Entrons un instant dans le propos du livre. On imagine l’individu comme ayant une identité sociale, celle qui est donnée par les papiers d’identité : nom, âge, adresse, mais aussi la façon de se comporter en société, la personnalité apparente, bref, ce que l’on est avec les autres. Identité sociale qui viendrait recouvrir l’identité personnelle, la seule vraie en somme, celle que l’on garde à part soi, contrainte et contenue par la société, et que la modernité nous invite à laisser s’exprimer librement, « être soi-même » serait en quelque sorte la coïncidence avec cette identité personnelle. Vieille opposition héritée au moins de Rousseau entre l’individu opprimé, et la société méchante, castratrice et normative.
« J’ai toujours tenu l’identité sociale pour la seule identité réelle ; et l’autre, la prétendue identité personnelle, pour une illusion totale autant que tenace » nous dit sans ambages Clément Rosset. Ce sera la thèse de Loin de moi, qu’il explorera grâce à de nombreux exemples, tirés de l’histoire de la philosophie, mais aussi du cinéma (Hitchcock), de la bande-dessinée (Tintin), du roman populaire (Poe) et des anecdotes édifiantes avec un humour jamais démenti. Cette idée est dérangeante, et aujourd’hui plus encore que ne le pensait Rosset, avec l’émergence fulgurante du développement personnel et de ses injonctions (bien creuses il faut le dire, mais surtout lucratives). La vérité d’un individu n’est pas dans une identité personnelle qui, à l’analyse, apparaît toujours comme un principe transcendant, tant cette identité se dérobe sans fin, insaisissable, inapprochable, inconnaissable : elle est un « fantôme », et c’est d’ailleurs sa seule caractéristique. Or, la transcendance est l’ennemie intime de Rosset, lui qui ne voit que de l’immanence partout.
« Je commence à m’inquiéter “quant à moi” ou quant au moi, non pas quand je cesse de me reconnaître (qui pourrait d’ailleurs “se reconnaître” ?), mais bien au contraire lorsque ce sont les autres qui cessent de me reconnaître » (p.18).
Il analyse les moments où l’identité vacille sur ses fondements, et montre qu’attaquer l’identité de quelqu’un revient toujours à attaquer son identité sociale, critique la mémoire comme fondement de l’identité personnelle, et nous livre une brève théorie du moi comme toujours « emprunté ». C’est par exemple le cas dans l’amour, où j’ai l’illusion de recouvrer une identité pleine et entière, identité auparavant comme amputée et incomplète. C’est aussi le cas du désir mimétique, notion chère à René Girard.

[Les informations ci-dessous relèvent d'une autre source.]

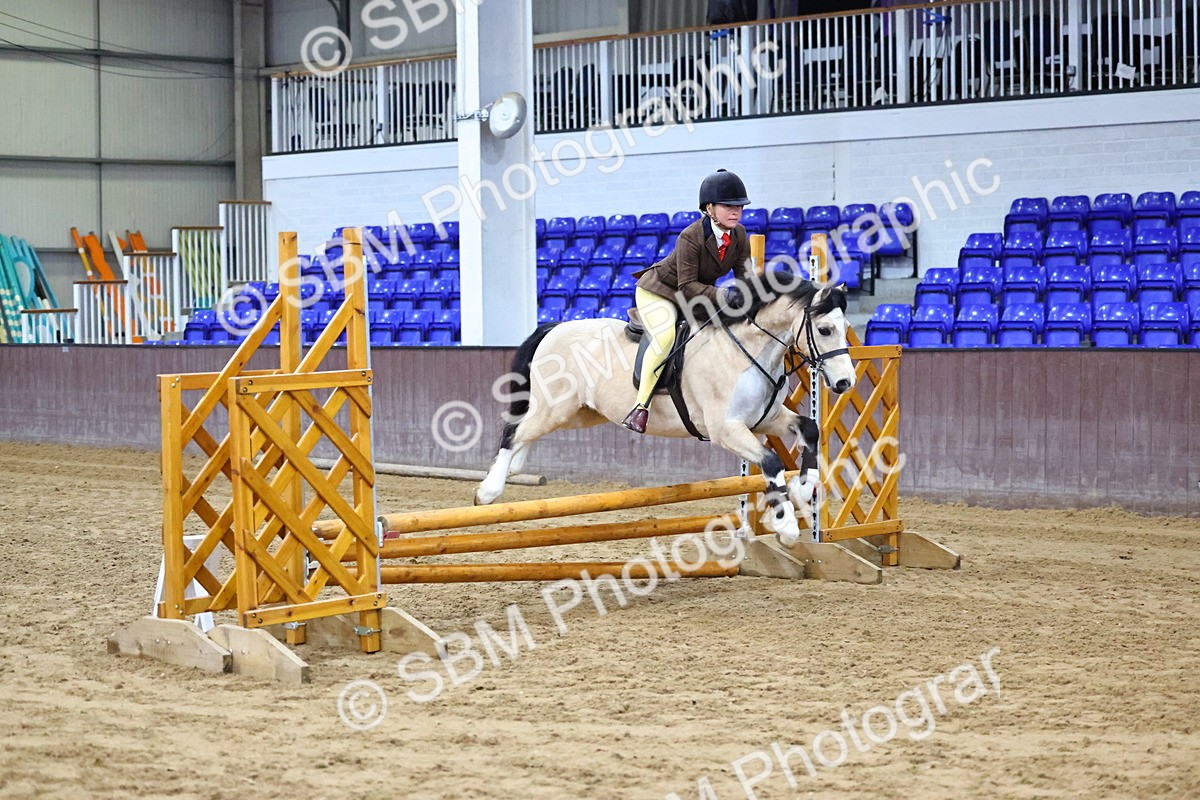 SBM_003133 - Class 35 - 60cm Training Stakes
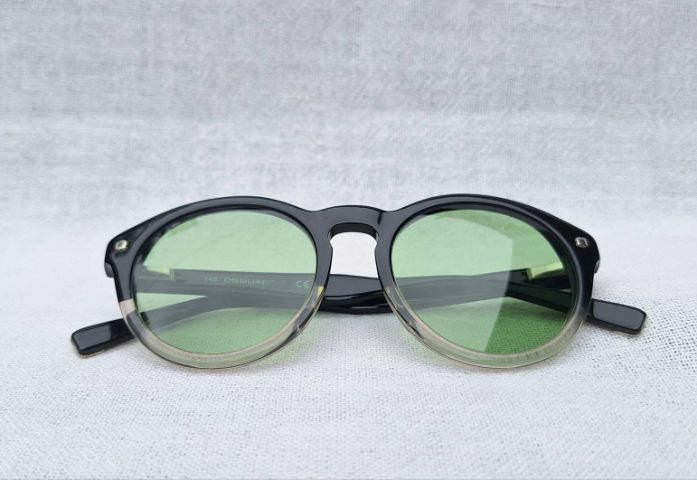 แว่นตาอิตาเลียนลักซ์ชัวรีแบรนด์ร่วมสมัยแถวหน้าของโลก DSQUARED²  มือหนึ่ง New Old Stock โมเดลคลาสสิก–หยดน้ำ–แพนโต้ คานแว่น รูปทรงรูกุญแจโบราณ เลนส์กระจกคริสตัลฝรั่งเศส สี Natural Green ...Authentic DSQUARED² Handcrafted in the 2010s in Milan, Italy รูปที่ 2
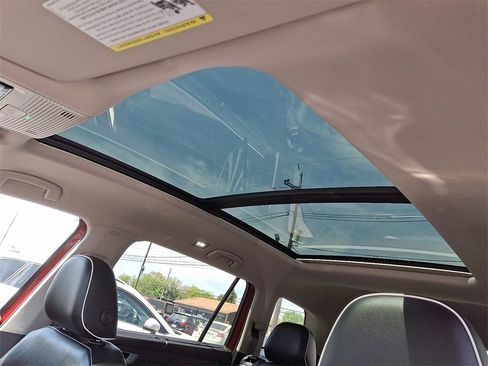 Used 2024 Volkswagen Atlas SEL Premium R-Line image 15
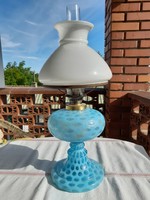 Különleges fújt üveg antik asztali petróleumlámpa, tejüveg ernyővel, 47 cm magas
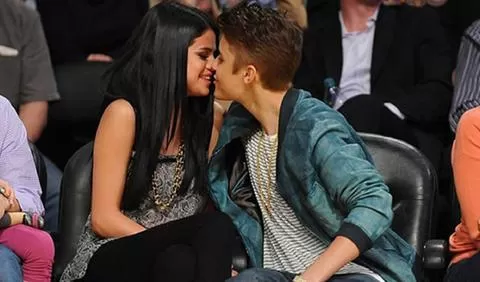 BESO. Justin Bieber y Selena Gomez, durante el partido de los Lakers y los Spurs. FOTO TOMADA DE LAPRENSA.HN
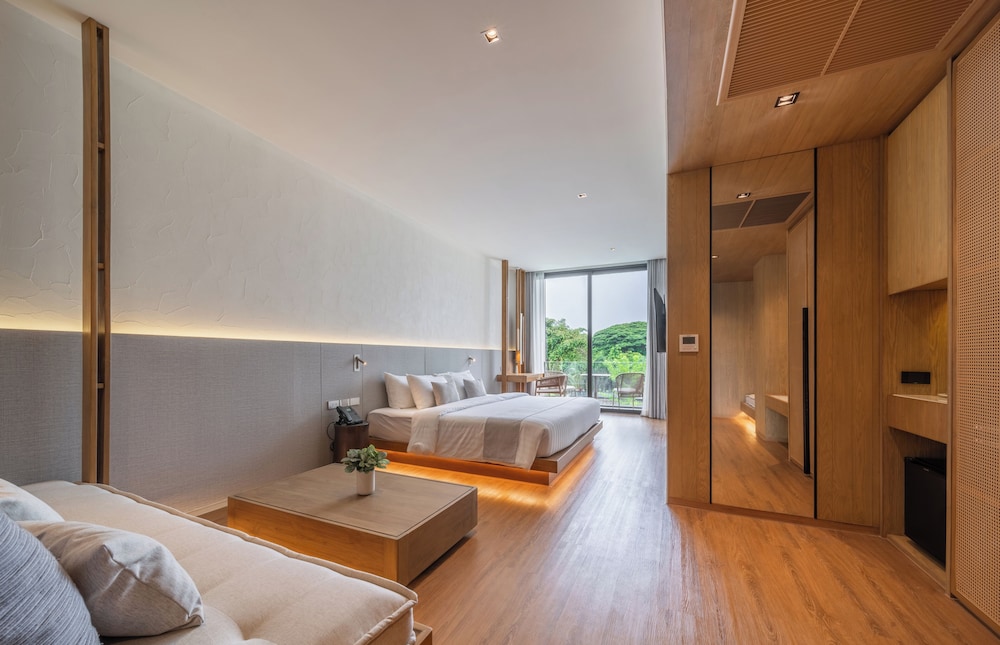 Deluxe Connecting Room Pool View - Photo 6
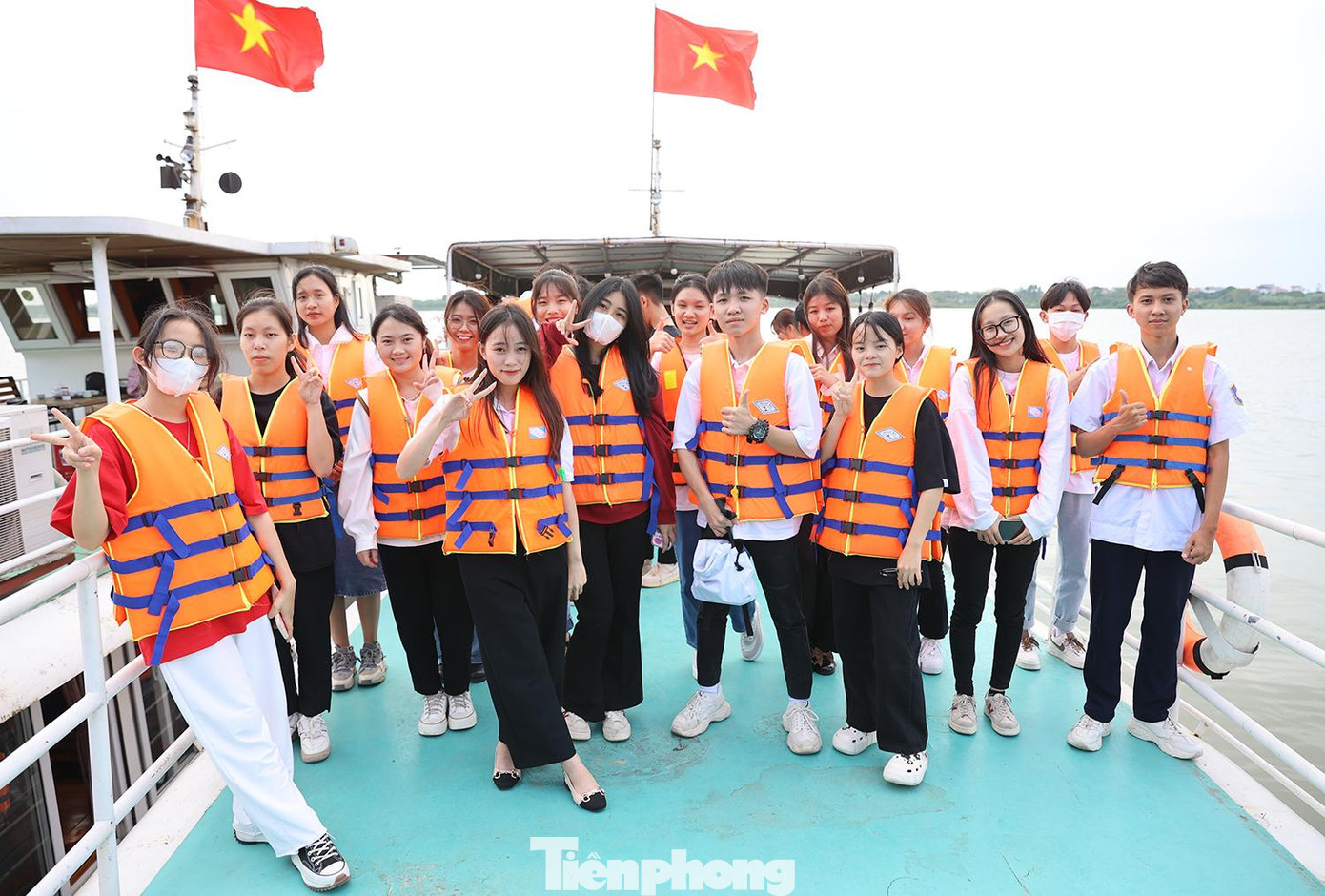 Nguyễn Ngọc Ánh, sinh viên Trường ĐH Ngoại ngữ, ĐH Thái Nguyên cho biết, khi gửi hồ sơ em rất hồi hộp và vỡ oà cảm xúc vui sướng khi được là một trong 140 sinh viên được nhận học bổng lần này. Sáng nay, em đã thức dậy từ 4 giờ 30 sáng chuẩn bị đồ đạc để bắt xe về Hà Nội kịp tham dự chương trình. Trải nghiệm chuyến đi, em vui sướng khi được tận mắt thấy các cây cầu, nhất là cầu Long Biên gắn liền với lịch sử. Em cũng được dâng hương, ngắm cảnh ở đền Đa Hoà, nơi đây thờ đức thánh Chử Đồng Tử, Tiên Dung và Tây sa công chúa.“Vốn tính nhút nhát nhưng trong đoàn, ngưỡng mộ các bạn đều có thành tích xuất sắc nên đã trò chuyện, kết bạn với nhau. Chuyến đi sẽ là một trải nghiệm đáng nhớ đối với em”, Ngọc Ánh nói.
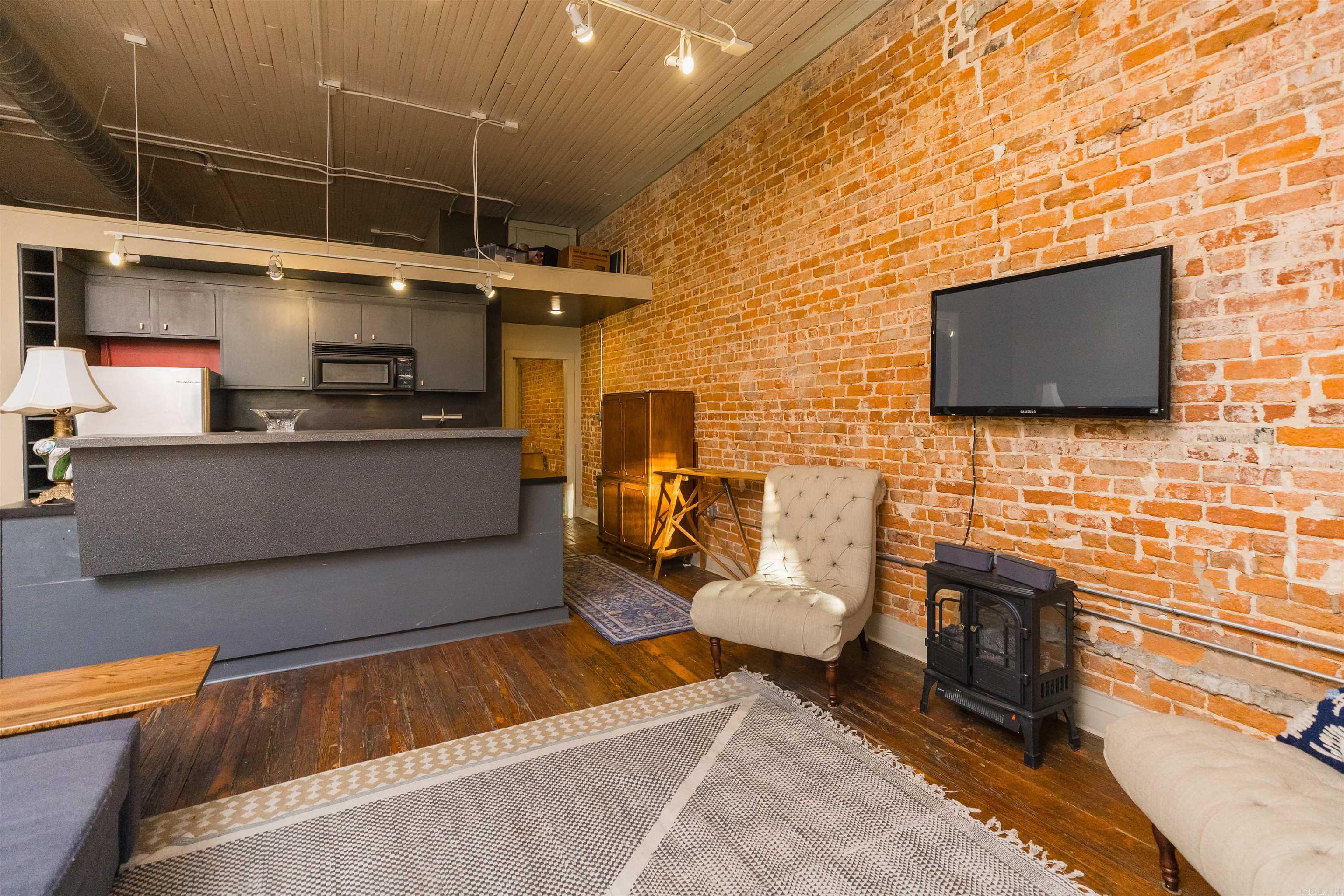 241 S Main Property Photo 15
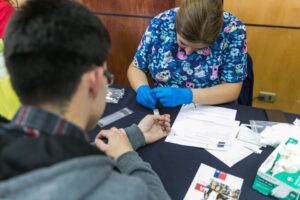 Salud ya ha encontrado muestras reactivas en exámenes de test rápido de VIH en Magallanes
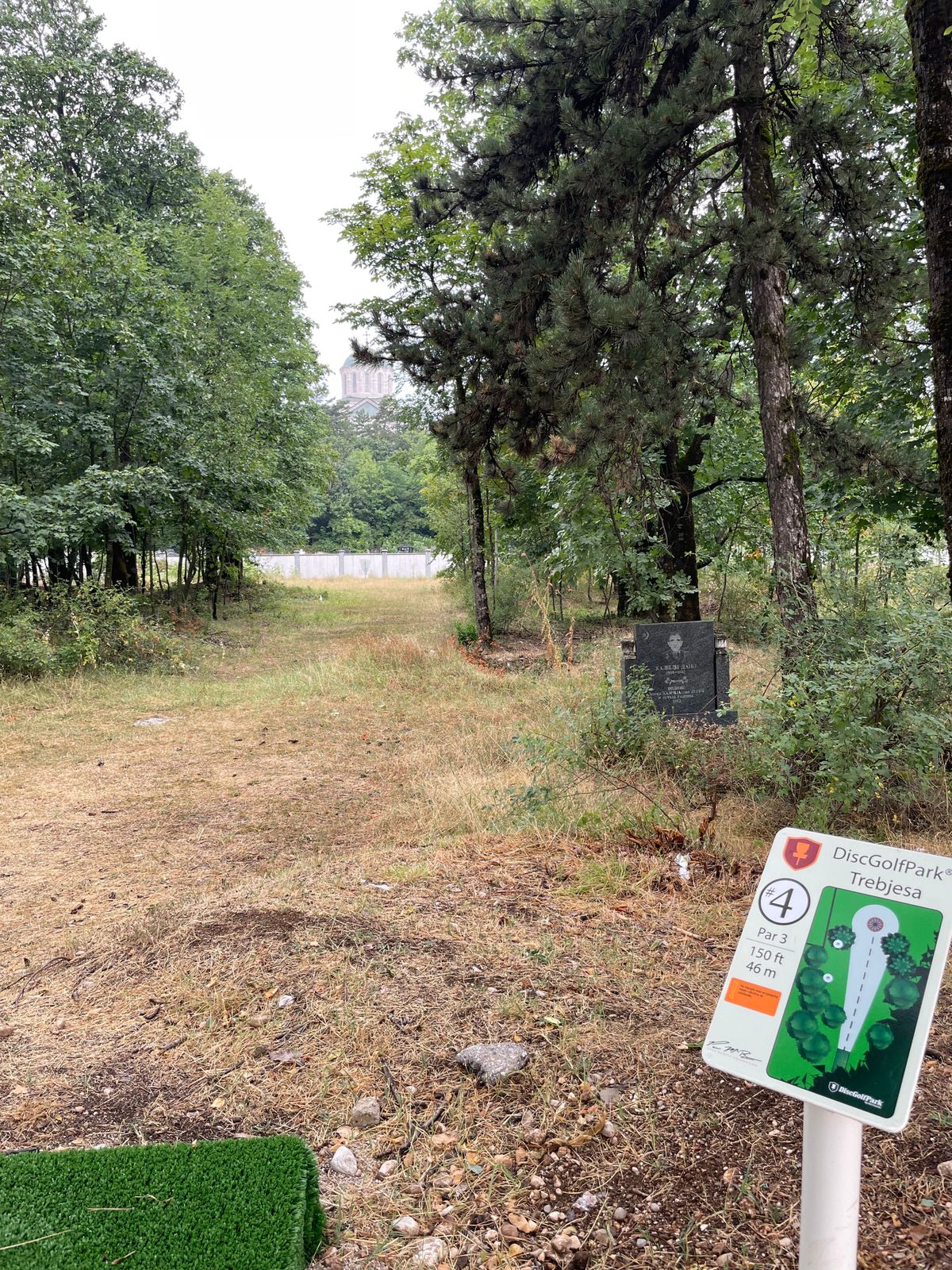 Hole 4 tee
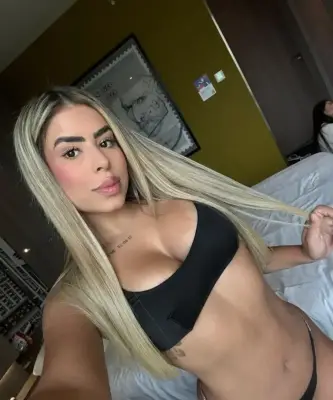 Carol — Bold Beauty, Magnetic Energy - Amsterdam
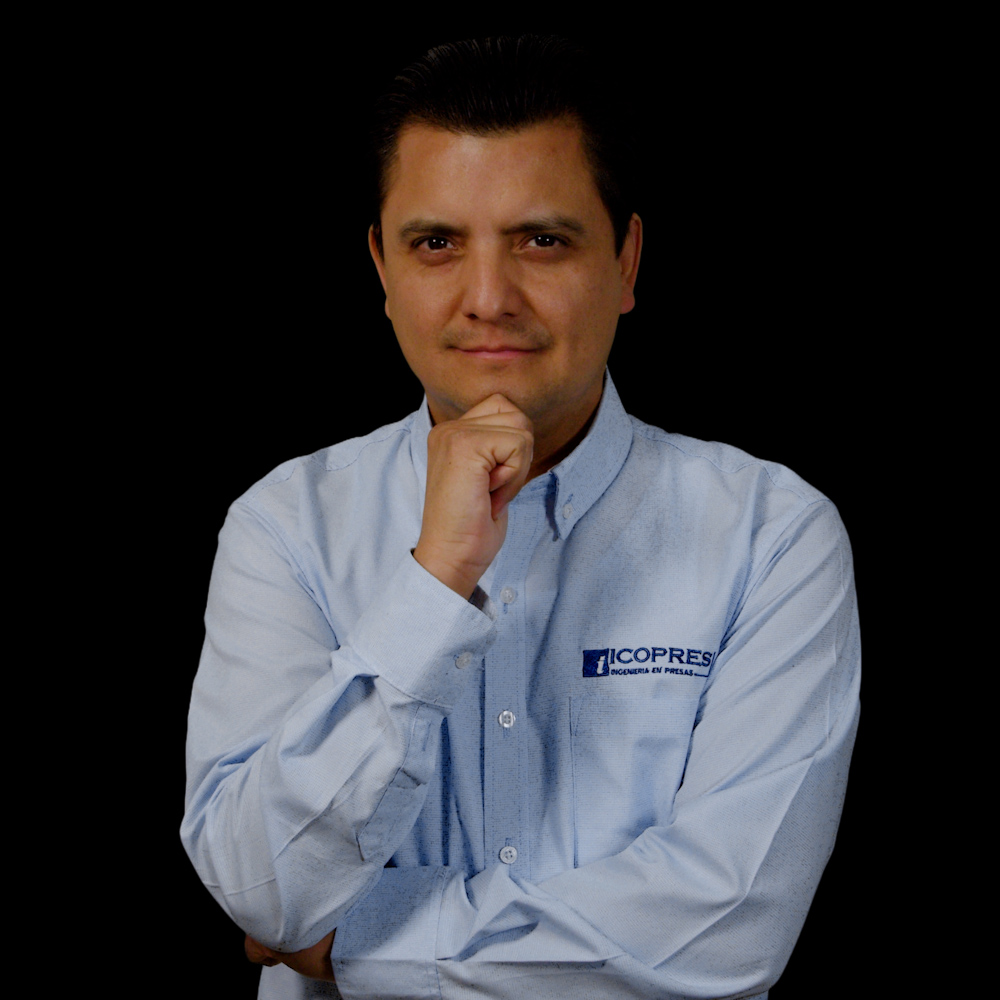 Ingeniero Rodrigo Tavarez, Director técnico y representante legal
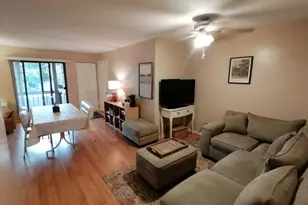 2217 W Nichols Dr, Arlington Heights, IL 60004 - Photo 2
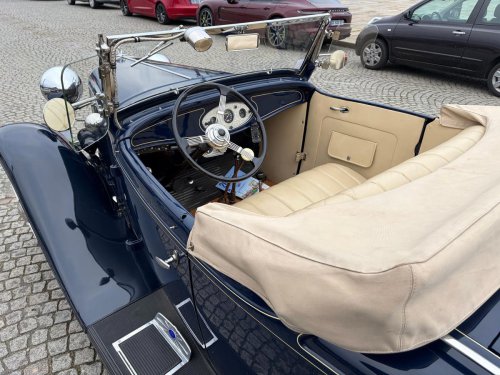 Check out all the cool cars of La Traversee de Paris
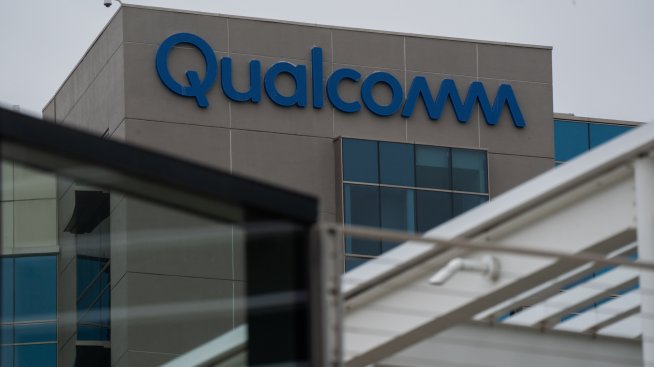 Qualcomm ще доставя 5G чипове на Apple до 2026 г.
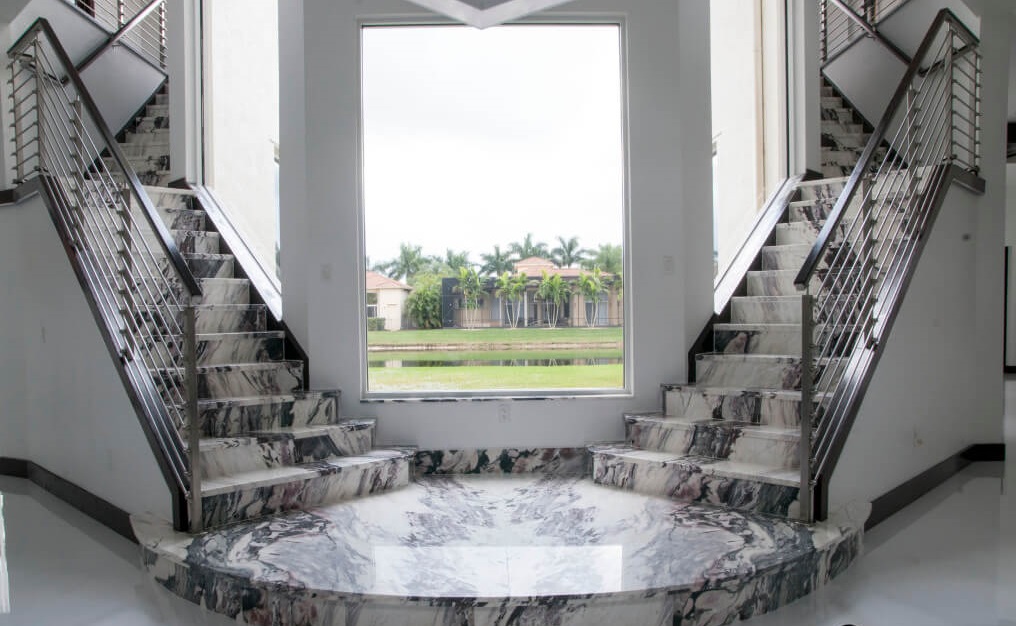 Đá ốp cầu thang - Nâng niu bàn chân việt Đáốpcầuthang6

Enfin, il essaie de montrer qu’à trop vouloir se connaître, on se perd finalement, et que l’action suppose une certaine méconnaissance de soi. L’identité sociale suffit amplement à l’exercice de la vie, il n’est nul besoin de rechercher indéfiniment un fond secret à nos personnes, démarche vaine et qui grève l’action qui est le moteur de la vie. Ce que nous sommes ? Rosset nous le dit : un « agrégat aléatoire de qualités qui [nous] sont reconnues ou pas au hasard de l’humeur de [notre] entourage » (p.88). Et c’est bien suffisant.
Car enfin, comme toute l’œuvre de Clément Rosset, le livre s’achève sur une promesse : la joie. La joie qui naît d’une conception lucide du réel, lucide et désespérée. La joie et le désespoir sont l’avers et le revers d’une même pièce, deux attitudes fondées sur le même constat. Clément Rosset et Emil Cioran – le grand pessimiste – étaient amis, ils aimaient le même vin et pensaient les mêmes choses : résonnent encore les rires du premier et les larmes du second.